SF大賞とSF新人賞の授賞式に出る。大藪春彦賞の授賞式もあるので、ハードボイルド派も含め、様々の顔ぶれが一堂に会し、にぎやか。新人賞の受賞者は男性だが、佳作受賞は二人とも女性。いずれも若々しく、さわやか。しかし、応募者の最長老が75歳だったことは、うれしい驚きだった。

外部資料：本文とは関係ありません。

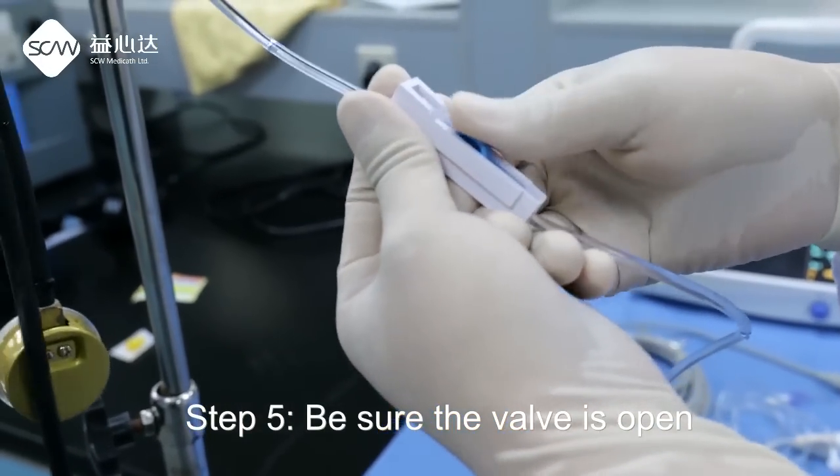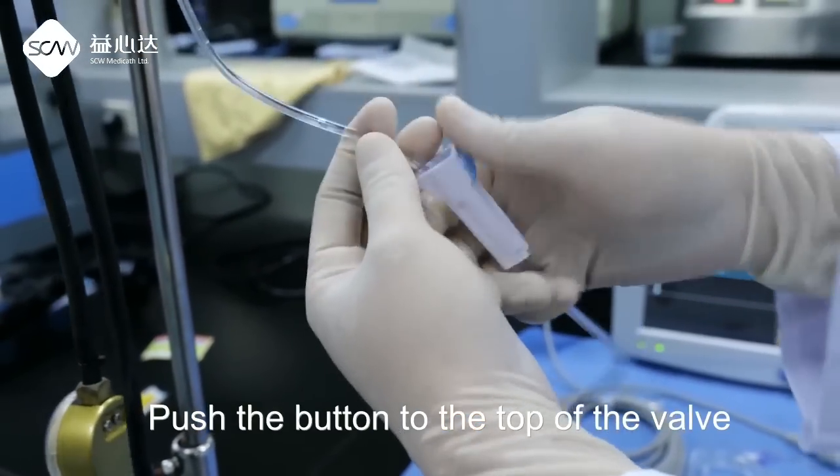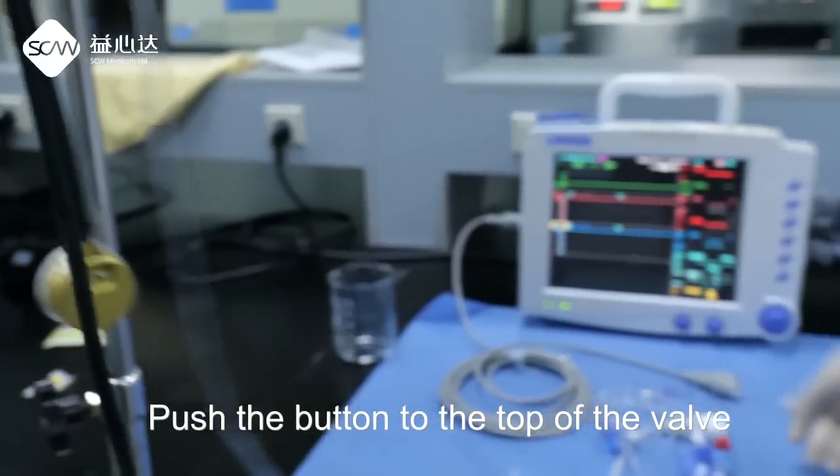Step 5: Be sure the valve is open. Push the button to the top of the valve.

久しぶりに銀座に出て、10年ぶりくらいに「梯子」。5丁目から8丁目まで、歩かされ、へとへと。だましやがったナ!
平成12年やよい(3月)XX日
名古屋からタクシーで蒲郡へ行った。あいにくの雨で、周りの景色はほとんど見えない。タクシーの運ちゃんがいままでで最高の長距離客に有頂天になって道を間違え、かつ蒲郡の競艇の話しかしないので、気が気ではない。しかしようやくついた蒲郡プリンスホテルは、すぱらしいアールデコスタイルの建物で、昭和9年の建造とのこと。いっぺんに気分が晴れた。上品にラウンジでケーキと紅茶なんぞをのんで、バーが開くまでの時間をつなぐ。バーで階下の結婚披露宴の祝い歌を聴きながら日本酒のグラスを傾ける、というのも、妙なもの。穏やかに10時半就寝。
平成12年やよい(3月)XX日
「いまどきのロボットたちと21世紀の楽しい未来」というシンポジウムで、「なま」AIBOを間近に見る。一人で遊んでいる仕草が、実にかわいい。片づけられるとき、ちょっと、といって触らせてもらう。家に帰ったら、この手を女房に触らせてやるのだ。
平成12年やよい(3月)XX日
ミステリー文学大賞の贈呈式のあと、また銀座にでる。夜には雨も上がって暖かくなり、銀座の人出も多い。虫と同じだ、暖かくなるともぞもぞと出歩きたくなると見える。5丁目のバーも、はじめはわれわれだけだったのに、あっという間に十五人くらい来て満員。昨日はお客さんゼロだったのに、とママさんがびっくりしている。また8丁目まで歩く。「パリ祭」と「パリの屋根の下」をフランス語で歌っているうちに、まただまされていつの間にかついてしまう。これが「ここは、お国の何百里・・・」だったら、途中で挫折していたかもしれないが・・・。
平成12年やよい(3月)XX日
小松市での「いま活かす ふるさとの芸能」シンポジウムで、佐渡ののろま人形、深瀬のでくまわし、淡路人形座の出し物をみる。のろま人形の「そろそろそろそろ」というかけ声とか、木偶人形の同じ節、同じ動きのくりかえしで見せてしまう不思議な力、淡路の本格的人形浄瑠璃のみごとさ。久しぶりに「人形」の作り出す「虚世界」に引き込まれた。そのたんびに舞台と客席をいったり来たりしなければならなかったのは、しんどかったが、何とかおつとめ果たしました。いいものを見せてもらいました。サンダーバードで帰阪。